#### [TASK OBJECTIVE]
With the pictures set aside, return the lines below exactly, beginning at the first and ending at the line containing "运动套装 秋冬加绒加厚时髦好看卫衣拉链外套连帽休闲两件套女 新款".

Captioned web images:
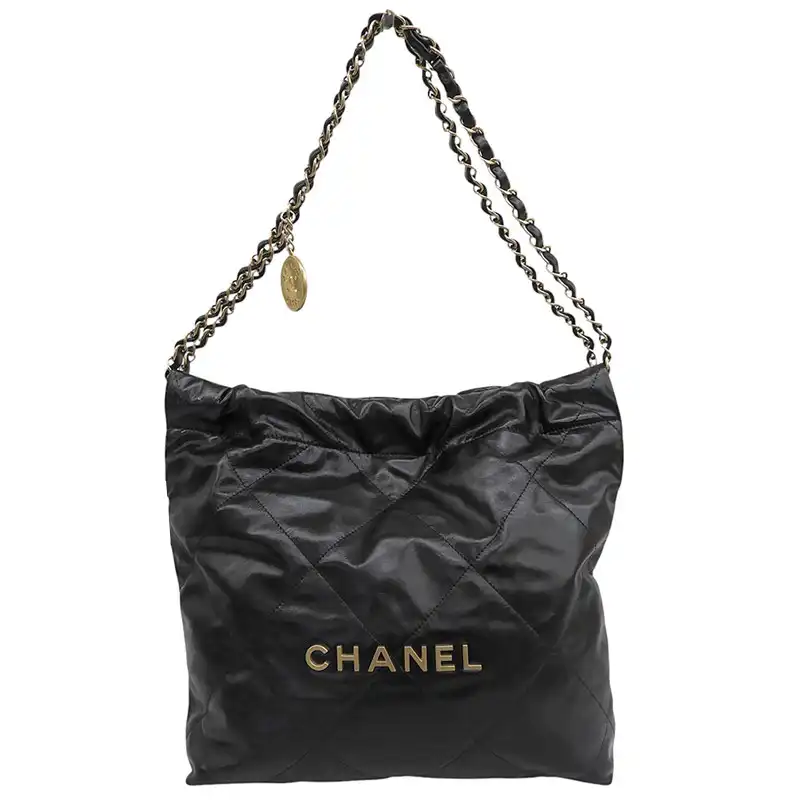 シャネル CHANEL シャネル22 スモール ハンドバッグ シャイニーカーフスキン ブラック AS3260 中古 CH1168
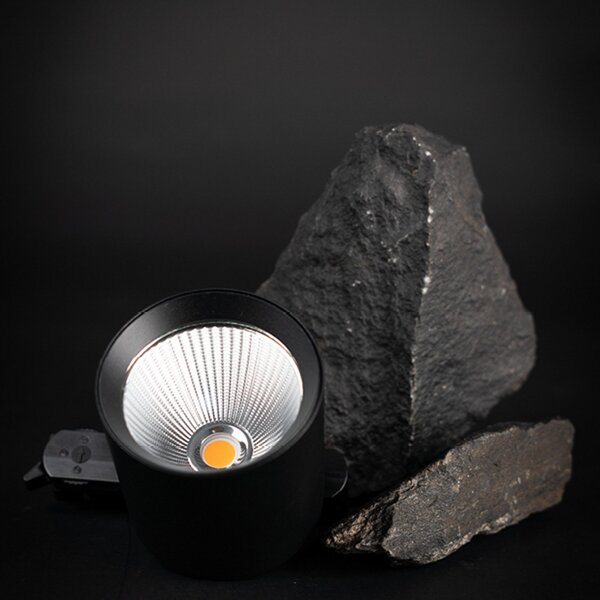The Light Group Spot de șină SLC LED Fox, negru, 3.000 K, trifazată, Negru, Camera de zi / sufragerie, Aluminiu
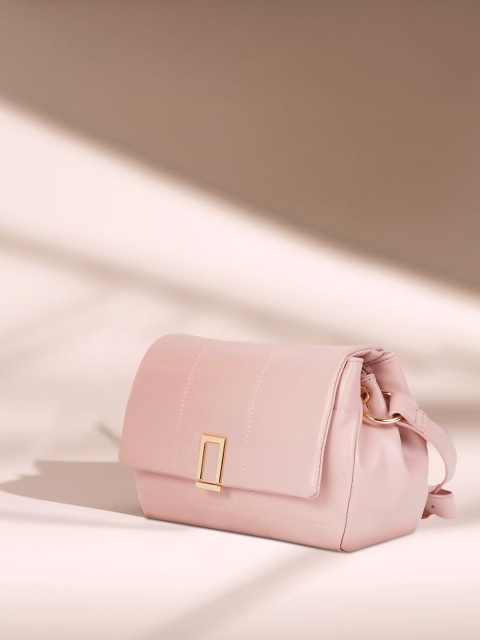 

DressBerry Pink Solid PU Regular Structured Sling Bag with Quilted Detail
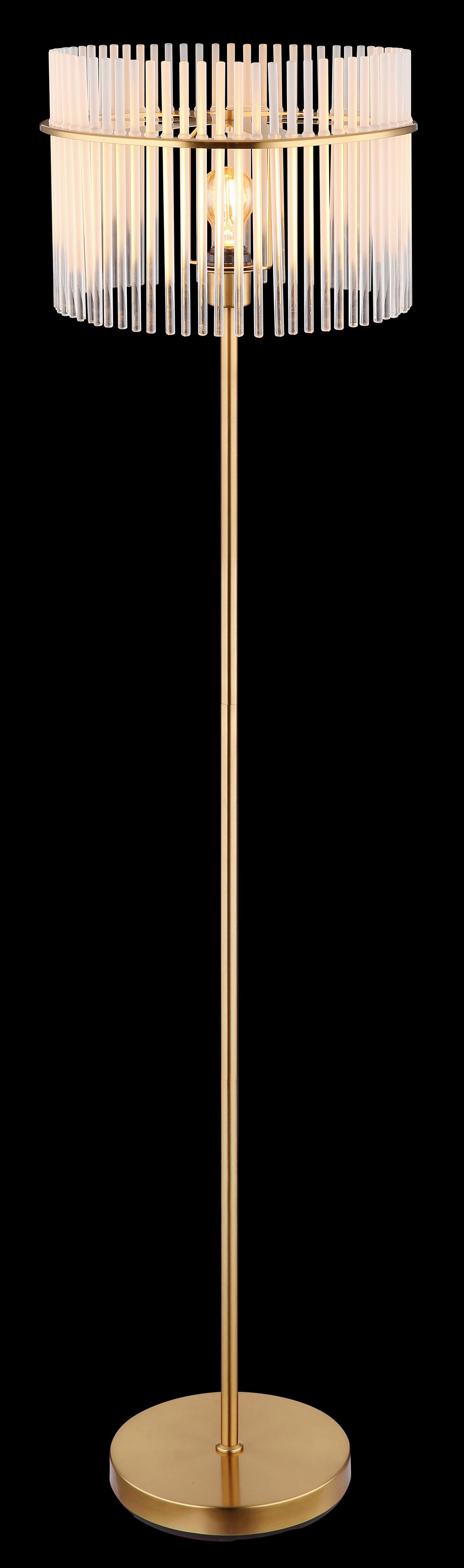 Stoječa Svetilka 15698sm Gorley - zlate barve/opal, Konvencionalno, kovina/steklo (38/152cm) - Globo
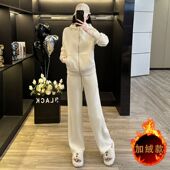 运动套装 秋冬加绒加厚时髦好看卫衣拉链外套连帽休闲两件套女 新款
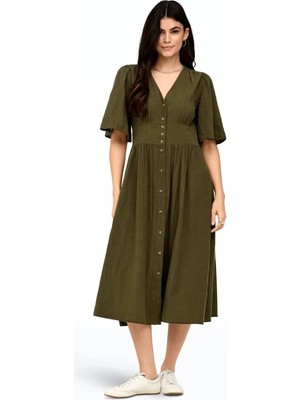 Only Onltizana 2/4 Midi Dress Wvn Noos Kadın Elbise Yeşil (15373535)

#### [YOUR SOLUTION]
 シャネル CHANEL シャネル22 スモール ハンドバッグ シャイニーカーフスキン ブラック AS3260 中古 CH1168
The Light Group Spot de șină SLC LED Fox, negru, 3.000 K, trifazată, Negru, Camera de zi / sufragerie, Aluminiu

DressBerry Pink Solid PU Regular Structured Sling Bag with Quilted Detail
 Stoječa Svetilka 15698sm Gorley - zlate barve/opal, Konvencionalno, kovina/steklo (38/152cm) - Globo
 运动套装 秋冬加绒加厚时髦好看卫衣拉链外套连帽休闲两件套女 新款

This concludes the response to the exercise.